RIG-1 and MDA-5 signaling pathways contribute to IFN-β production and viral replication in porcine circovirus virus type 2-infected PK-15 cells in vitro

Abstract

Type I Interferons (IFNs) is known for its antiviral activity; however, it is surprising that in vitro treatment of IFN-α and IFN-γ enhanced the replication of porcine circovirus type 2 (PCV2), indicating a complex relationship between interferon and PCV2. To date, it remains poorly understood how the interferon is produced during PCV2 infection and whether the interferon induced by PCV2 itself can promote viral replication. In this study, PCV2 induced the up-regulation of IFN-β in PK-15 cells, while treatment of PCV2-infected cells with the interferon regulatory factor-3 (IRF3) inhibitor, BX795, decreased the expression of IFN-β, whereas treatment with the nuclear factor kappa-light-chain-enhancer of activated B cells (NF-κB) inhibitor, BAY11-7082, did not. These findings indicate that PCV2 can induce IFN-β production via the IRF3-mediated rather than the NF-κB-mediated signal pathway.
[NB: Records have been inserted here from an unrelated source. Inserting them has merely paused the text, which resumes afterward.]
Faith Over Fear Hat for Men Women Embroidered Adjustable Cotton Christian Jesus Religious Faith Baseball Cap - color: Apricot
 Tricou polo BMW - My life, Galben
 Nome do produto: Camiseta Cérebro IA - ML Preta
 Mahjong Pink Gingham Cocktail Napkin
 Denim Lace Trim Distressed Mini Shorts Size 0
Moreover, PCV2 increased the protein expression levels of phosphorylation-IRF3 (p-IRF3), mitochondria antiviral-signaling protein (MAVS), retinoic acid-inducible gene I (RIG-1) and melanoma differentiation-associated protein 5 (MDA-5), and the knockdown of RIG-1 and MDA-5 decreased the expression level of IFN-β in PK-15 cells. Therefore, PCV2 induces IFN-β production via the RIG-1/MDA-5/MAVS/IRF signaling pathway. Furthermore, the PCV2 load and PCV2 infectivity decreased after knockdown of RIG-1 and MDA-5, indicating that RIG-1 and MDA-5 signaling pathways contribute to PCV2 replication. In conclusion, PCV2 induces the production of IFN-β via the RIG-1 and MDA-5 signaling pathways, and the IFN-β produced during PCV2 infection facilitates viral replication. These results will help us further understand the pathogenic mechanisms of PCV2.